● Directions for this task:
The response must be the exact lines from the line holding "Usata Opel Corsa" through the end of the entries, with no pictures and nothing else.

%%

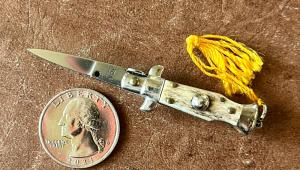 Miniature Keychain Switchblade Knife, Older Style From Italy, Nice Light Stag, Unused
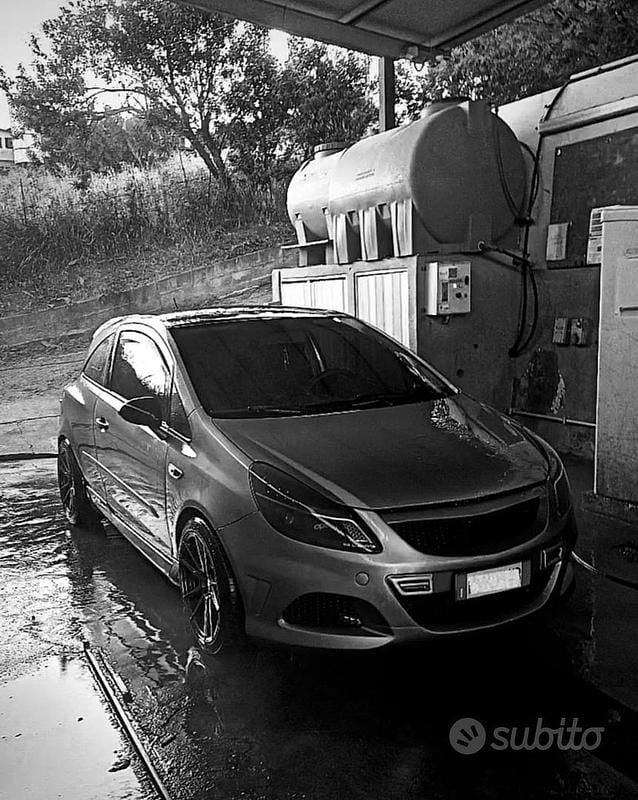 Usata Opel Corsa OPC 90 CV (66 kW) 2009 Grigio Utilitaria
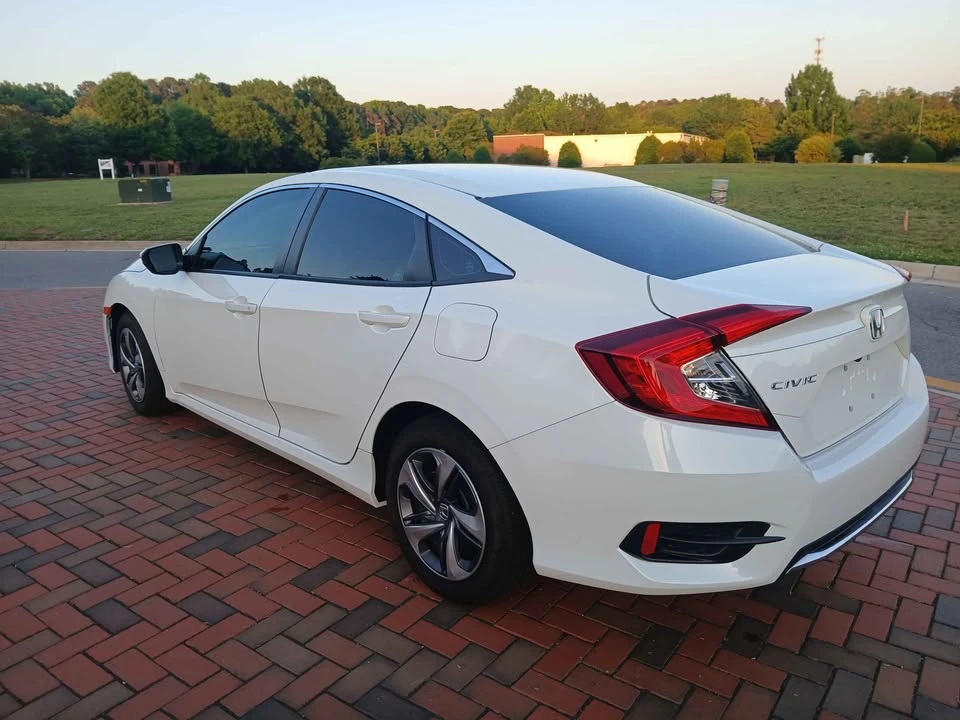 2021 Honda Civic 10th Gen - Image 4 of 16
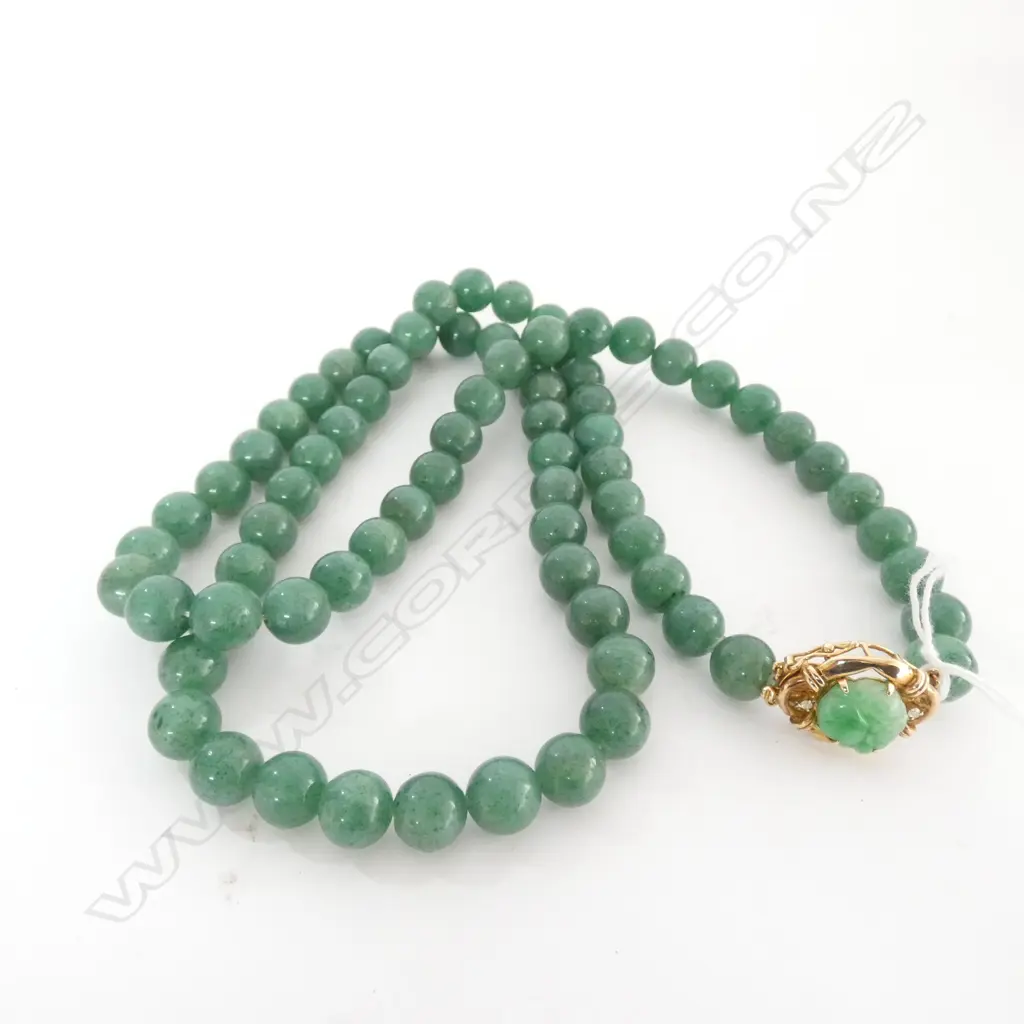 JADE NECKLACE 14 CT GOLD & DIAMOND CLASP Image 1++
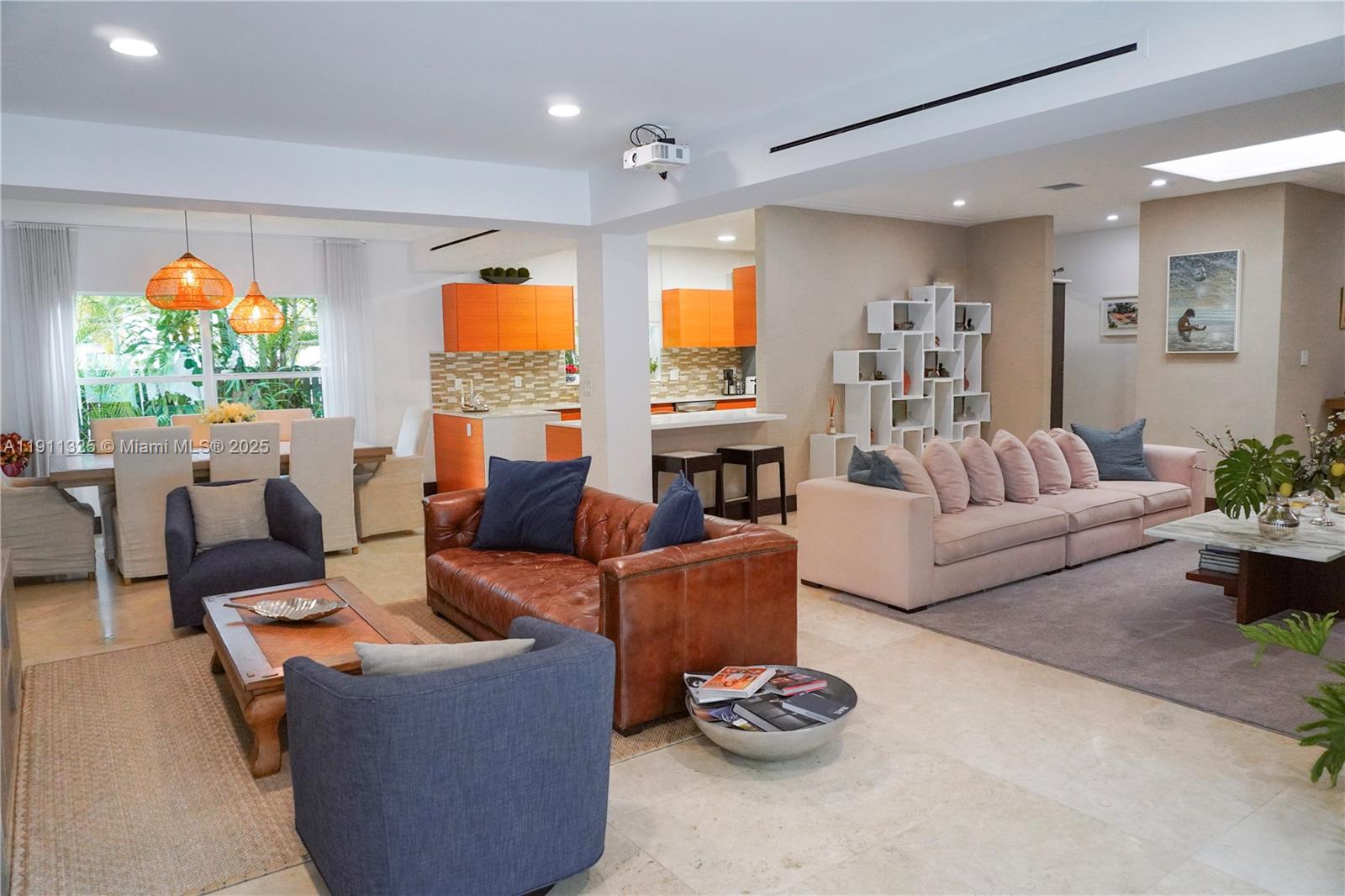 247 E East Shr Dr Miami, FL 33133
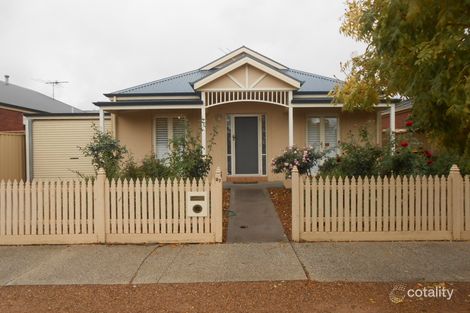 Property photo of 27 Studley Park Way Caroline Springs VIC 3023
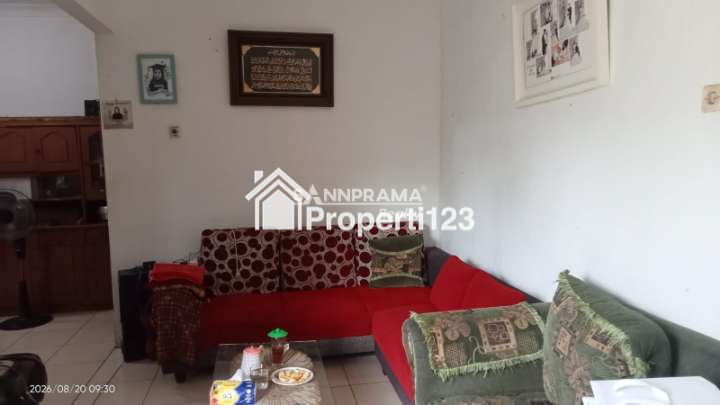 Rumah second terawat di Jatimulya Cilodong Depok - 4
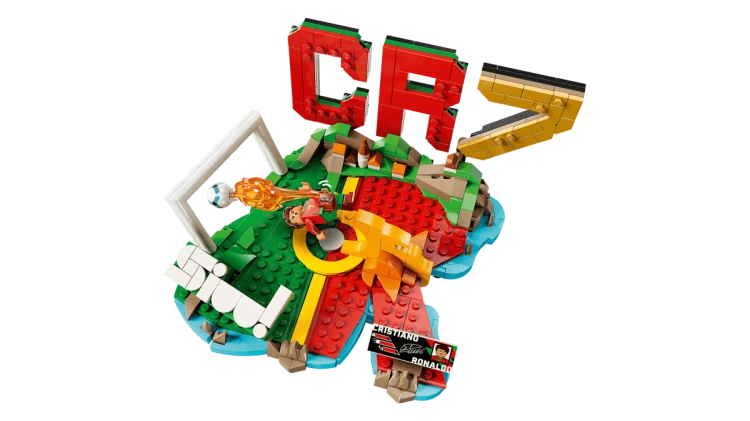 Klocki LEGO Editions 43012 Cristiano Ronaldo — piłkarskie momenty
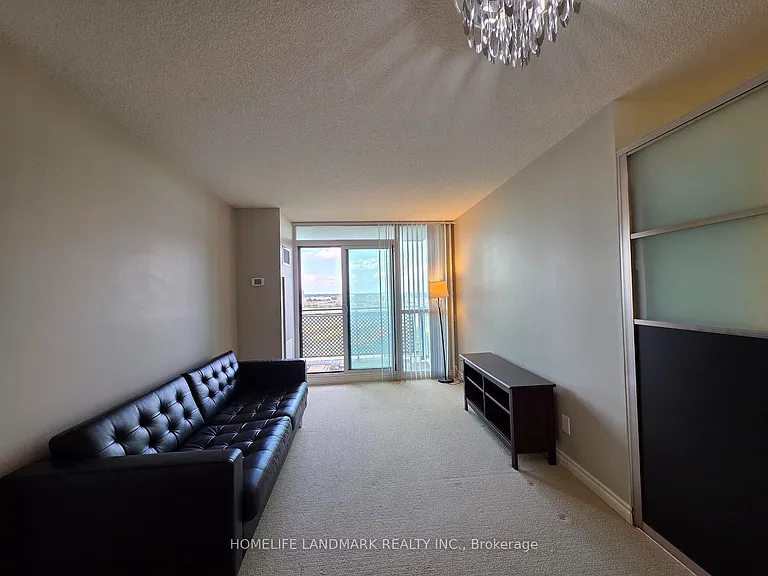 88 Grangeway Ave #1006 — Photo 4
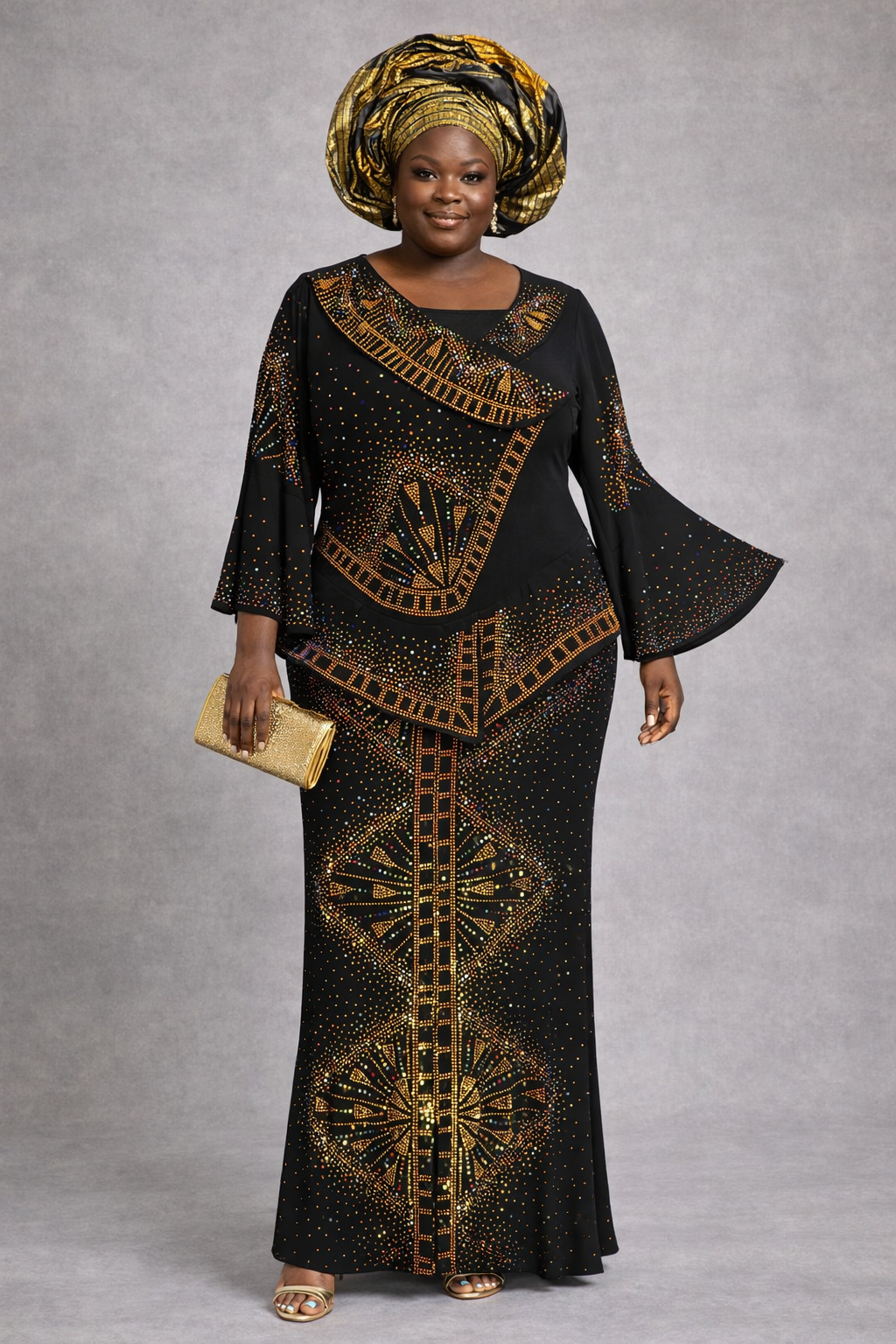Nouveauté : Robe de soirée noire ornée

%%

● Exercise solution:
 Usata Opel Corsa OPC 90 CV (66 kW) 2009 Grigio Utilitaria
 2021 Honda Civic 10th Gen - Image 4 of 16
 JADE NECKLACE 14 CT GOLD & DIAMOND CLASP Image 1++
 247 E East Shr Dr Miami, FL 33133
 Property photo of 27 Studley Park Way Caroline Springs VIC 3023
 Rumah second terawat di Jatimulya Cilodong Depok - 4
 Klocki LEGO Editions 43012 Cristiano Ronaldo — piłkarskie momenty
 88 Grangeway Ave #1006 — Photo 4
Nouveauté : Robe de soirée noire ornée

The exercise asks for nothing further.